Étape 3 : Évolution vers une plateforme intégrée (mois 13 à 24)
Adoptez un logiciel de gestion agricole numérique pour centraliser toutes les données. Intégrez les données relatives à l'irrigation, à la météo, aux cultures et au suivi de la main-d'œuvre. Envisagez l'automatisation des serres, le cas échéant. Le coût pour les grandes exploitations agricoles varie généralement entre $20 000 et 50 000, mais une mise en œuvre progressive est possible.
Une plateforme intégrée renforce la valeur des différentes technologies en les reliant entre elles. Mais cette plateforme n’est utile que si les flux de données sous-jacents — capteurs, irrigation, météo — sont déjà fiables. Il faut d’abord poser les fondations ; on ajoutera le “ cerveau ” une fois que les “ sens ” fonctionneront correctement.
Conclusion : les perspectives et la réalité
L'agriculture intelligente au Moyen-Orient n'est pas une simple expérience. Il s'agit d'une réponse à des défis concrets qui ne cessent de s'aggraver : la pénurie d'eau, le changement climatique, la dépendance vis-à-vis des importations alimentaires et la hausse des coûts d'exploitation.
Cette technologie fonctionne. Les études de cas menées en Arabie saoudite et aux Émirats arabes unis démontrent que l'agriculture intelligente à l'échelle commerciale est viable dans les conditions extrêmes de la région.
Ce qui reste incertain pour de nombreuses exploitations agricoles, ce n’est pas la technologie en soi, mais la manière de la mettre en œuvre. Faut-il opter pour une marque européenne haut de gamme ou une marque chinoise à prix abordable ? Faut-il acheter le matériel au comptant ou souscrire à un abonnement ? Faut-il automatiser l’ensemble de l’exploitation d’un seul coup ou introduire la technologie progressivement ?
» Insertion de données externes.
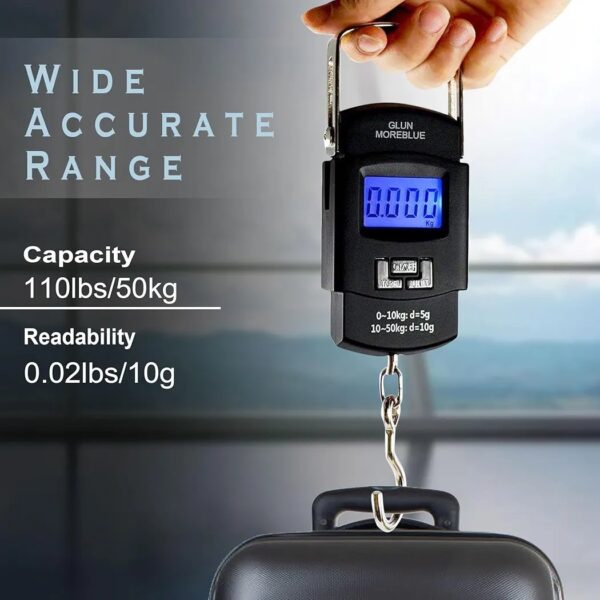 GLUN® Electronic Portable Digital LED Screen Luggage Weighing Scale, 50 kg/110 Lb For Multi-Purpose Use - Image 2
Il n'y a pas de réponse universelle. La voie à suivre dépend de la taille de votre exploitation, du type de culture, de votre fonds de roulement, des compétences de votre personnel et de vos objectifs stratégiques.
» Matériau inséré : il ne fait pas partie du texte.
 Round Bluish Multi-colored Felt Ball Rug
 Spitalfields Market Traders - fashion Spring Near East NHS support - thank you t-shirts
Mais pour la plupart des exploitations agricoles de taille moyenne du Moyen-Orient, on constate ce qui suit :
- L'écart de coût entre les équipements chinois et européens — généralement compris entre 40 et 60% — est trop important pour être ignoré, sauf pour les entreprises disposant de moyens financiers considérables.
- Le matériel chinois n'est pas automatiquement meilleur ou pire : il est simplement différent, avec des compromis propres à chaque cas en matière de prix, de documentation, d'assistance et de durabilité.
- La stratégie de mise en œuvre la plus judicieuse consiste presque toujours à procéder par étapes : commencer par la surveillance, passer ensuite à l'automatisation de l'irrigation, puis évoluer vers des plateformes intégrées.
- Ce modèle de service permet aux exploitations agricoles, qui seraient autrement exclues en raison de contraintes financières, d'accéder à la technologie.
- Les exploitations agricoles qui se lancent dès maintenant — en mettant en place un suivi, en menant un petit projet pilote, en automatisant un seul hectare — disposeront, d’ici deux à trois ans, d’un avantage en termes de données opérationnelles et d’expérience par rapport à celles qui attendent.